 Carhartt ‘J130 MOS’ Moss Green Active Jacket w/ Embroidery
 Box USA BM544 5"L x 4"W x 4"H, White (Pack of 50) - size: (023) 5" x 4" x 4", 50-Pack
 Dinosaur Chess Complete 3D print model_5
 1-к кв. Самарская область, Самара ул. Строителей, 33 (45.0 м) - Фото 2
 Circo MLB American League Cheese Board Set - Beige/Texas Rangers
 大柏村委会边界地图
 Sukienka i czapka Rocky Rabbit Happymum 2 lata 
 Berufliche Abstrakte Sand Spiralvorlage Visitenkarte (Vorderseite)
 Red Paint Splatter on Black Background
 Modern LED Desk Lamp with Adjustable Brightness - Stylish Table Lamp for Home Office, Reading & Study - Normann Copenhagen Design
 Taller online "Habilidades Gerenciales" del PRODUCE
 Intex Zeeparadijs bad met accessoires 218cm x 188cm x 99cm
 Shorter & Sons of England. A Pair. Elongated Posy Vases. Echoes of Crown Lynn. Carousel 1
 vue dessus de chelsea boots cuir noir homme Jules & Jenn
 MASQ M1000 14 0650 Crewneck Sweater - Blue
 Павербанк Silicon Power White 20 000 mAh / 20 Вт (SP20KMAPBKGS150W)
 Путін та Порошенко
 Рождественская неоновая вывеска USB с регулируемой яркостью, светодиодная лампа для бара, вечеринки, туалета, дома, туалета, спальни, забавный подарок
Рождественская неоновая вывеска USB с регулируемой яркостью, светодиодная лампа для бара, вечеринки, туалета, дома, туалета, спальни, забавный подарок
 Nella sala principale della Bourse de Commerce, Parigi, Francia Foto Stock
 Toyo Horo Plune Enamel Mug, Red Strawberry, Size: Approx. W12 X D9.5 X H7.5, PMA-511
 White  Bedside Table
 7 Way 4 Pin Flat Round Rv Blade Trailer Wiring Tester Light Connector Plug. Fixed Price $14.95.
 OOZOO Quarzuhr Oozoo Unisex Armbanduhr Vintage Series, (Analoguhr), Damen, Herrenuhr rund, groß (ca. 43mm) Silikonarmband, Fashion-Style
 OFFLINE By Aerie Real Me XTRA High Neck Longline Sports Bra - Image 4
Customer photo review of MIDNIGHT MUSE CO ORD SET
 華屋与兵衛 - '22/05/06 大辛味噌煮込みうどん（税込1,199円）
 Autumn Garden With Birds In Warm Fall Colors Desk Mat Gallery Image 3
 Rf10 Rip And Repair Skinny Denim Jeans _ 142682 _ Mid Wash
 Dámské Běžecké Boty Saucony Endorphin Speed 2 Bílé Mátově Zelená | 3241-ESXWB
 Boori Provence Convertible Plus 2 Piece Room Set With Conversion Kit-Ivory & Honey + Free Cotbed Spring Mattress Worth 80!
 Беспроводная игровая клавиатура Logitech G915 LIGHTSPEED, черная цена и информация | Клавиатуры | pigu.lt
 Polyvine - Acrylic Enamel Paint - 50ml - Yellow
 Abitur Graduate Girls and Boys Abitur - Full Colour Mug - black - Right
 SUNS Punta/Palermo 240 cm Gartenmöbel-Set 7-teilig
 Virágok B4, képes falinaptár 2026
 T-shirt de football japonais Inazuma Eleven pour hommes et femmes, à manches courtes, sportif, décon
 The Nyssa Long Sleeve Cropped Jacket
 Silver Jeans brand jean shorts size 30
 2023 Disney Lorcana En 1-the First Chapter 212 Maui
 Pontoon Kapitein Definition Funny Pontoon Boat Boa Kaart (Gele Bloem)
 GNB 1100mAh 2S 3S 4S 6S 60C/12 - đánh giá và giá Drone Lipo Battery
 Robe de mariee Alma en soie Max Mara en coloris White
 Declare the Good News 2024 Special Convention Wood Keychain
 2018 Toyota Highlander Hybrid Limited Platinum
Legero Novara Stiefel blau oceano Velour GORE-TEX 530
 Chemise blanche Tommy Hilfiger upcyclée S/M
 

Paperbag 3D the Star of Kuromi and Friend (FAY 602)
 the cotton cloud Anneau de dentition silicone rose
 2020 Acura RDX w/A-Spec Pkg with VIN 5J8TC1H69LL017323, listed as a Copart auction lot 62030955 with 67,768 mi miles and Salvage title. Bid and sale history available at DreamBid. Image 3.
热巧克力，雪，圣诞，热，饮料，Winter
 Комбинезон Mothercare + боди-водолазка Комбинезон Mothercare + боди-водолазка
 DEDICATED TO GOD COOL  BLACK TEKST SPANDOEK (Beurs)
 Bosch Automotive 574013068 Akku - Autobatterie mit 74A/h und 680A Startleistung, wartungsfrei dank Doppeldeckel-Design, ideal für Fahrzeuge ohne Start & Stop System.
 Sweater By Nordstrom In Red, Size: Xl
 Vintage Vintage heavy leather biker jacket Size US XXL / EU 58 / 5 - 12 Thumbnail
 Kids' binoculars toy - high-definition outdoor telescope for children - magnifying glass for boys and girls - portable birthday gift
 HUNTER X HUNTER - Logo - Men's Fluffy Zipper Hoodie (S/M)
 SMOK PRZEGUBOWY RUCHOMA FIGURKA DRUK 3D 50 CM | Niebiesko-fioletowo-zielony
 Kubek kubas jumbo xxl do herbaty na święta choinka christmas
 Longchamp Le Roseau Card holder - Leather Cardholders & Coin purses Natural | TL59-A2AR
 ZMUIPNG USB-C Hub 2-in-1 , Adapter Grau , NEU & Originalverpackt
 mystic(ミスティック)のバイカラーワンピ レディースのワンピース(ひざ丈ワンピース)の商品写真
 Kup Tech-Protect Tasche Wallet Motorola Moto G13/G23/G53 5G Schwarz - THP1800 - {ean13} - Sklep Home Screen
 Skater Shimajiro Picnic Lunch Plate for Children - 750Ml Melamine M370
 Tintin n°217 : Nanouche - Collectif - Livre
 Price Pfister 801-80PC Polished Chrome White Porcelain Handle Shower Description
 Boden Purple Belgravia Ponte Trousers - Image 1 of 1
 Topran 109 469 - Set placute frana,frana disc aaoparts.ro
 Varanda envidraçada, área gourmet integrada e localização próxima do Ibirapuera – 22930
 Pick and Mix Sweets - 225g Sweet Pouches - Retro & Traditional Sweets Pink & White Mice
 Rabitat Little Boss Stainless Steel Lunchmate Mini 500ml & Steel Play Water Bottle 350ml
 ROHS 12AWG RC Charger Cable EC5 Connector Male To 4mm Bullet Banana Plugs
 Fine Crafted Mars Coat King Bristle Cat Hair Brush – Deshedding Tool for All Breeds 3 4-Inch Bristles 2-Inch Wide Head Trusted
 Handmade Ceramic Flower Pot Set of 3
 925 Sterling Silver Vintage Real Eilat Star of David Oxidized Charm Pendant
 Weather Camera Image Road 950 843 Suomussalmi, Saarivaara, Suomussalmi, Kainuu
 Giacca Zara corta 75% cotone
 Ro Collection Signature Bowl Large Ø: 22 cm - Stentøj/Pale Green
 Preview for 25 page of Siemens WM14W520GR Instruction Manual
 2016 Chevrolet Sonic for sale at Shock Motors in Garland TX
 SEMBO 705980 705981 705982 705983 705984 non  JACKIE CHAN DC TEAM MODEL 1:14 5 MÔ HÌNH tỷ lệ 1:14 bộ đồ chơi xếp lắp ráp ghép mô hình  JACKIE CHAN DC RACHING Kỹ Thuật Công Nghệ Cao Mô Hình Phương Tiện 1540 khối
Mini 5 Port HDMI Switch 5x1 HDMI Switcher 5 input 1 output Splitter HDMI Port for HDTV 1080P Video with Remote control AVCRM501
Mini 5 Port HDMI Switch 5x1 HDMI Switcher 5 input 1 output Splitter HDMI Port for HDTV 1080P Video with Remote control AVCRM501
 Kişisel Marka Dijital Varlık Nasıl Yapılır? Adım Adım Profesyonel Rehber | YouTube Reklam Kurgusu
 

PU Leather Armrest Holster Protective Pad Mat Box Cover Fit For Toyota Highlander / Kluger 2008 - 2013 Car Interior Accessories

*-*-*

#### [Goal of the exercise]
Beginning with the first line of the records above, reproduce each line exactly, ending at the line that contains "Modern LED Desk", and leave out everything else.

#### [Completed exercise]
 Carhartt ‘J130 MOS’ Moss Green Active Jacket w/ Embroidery
 Box USA BM544 5"L x 4"W x 4"H, White (Pack of 50) - size: (023) 5" x 4" x 4", 50-Pack
 Dinosaur Chess Complete 3D print model_5
 1-к кв. Самарская область, Самара ул. Строителей, 33 (45.0 м) - Фото 2
 Circo MLB American League Cheese Board Set - Beige/Texas Rangers
 大柏村委会边界地图
 Sukienka i czapka Rocky Rabbit Happymum 2 lata 
 Berufliche Abstrakte Sand Spiralvorlage Visitenkarte (Vorderseite)
 Red Paint Splatter on Black Background
 Modern LED Desk Lamp with Adjustable Brightness - Stylish Table Lamp for Home Office, Reading & Study - Normann Copenhagen Design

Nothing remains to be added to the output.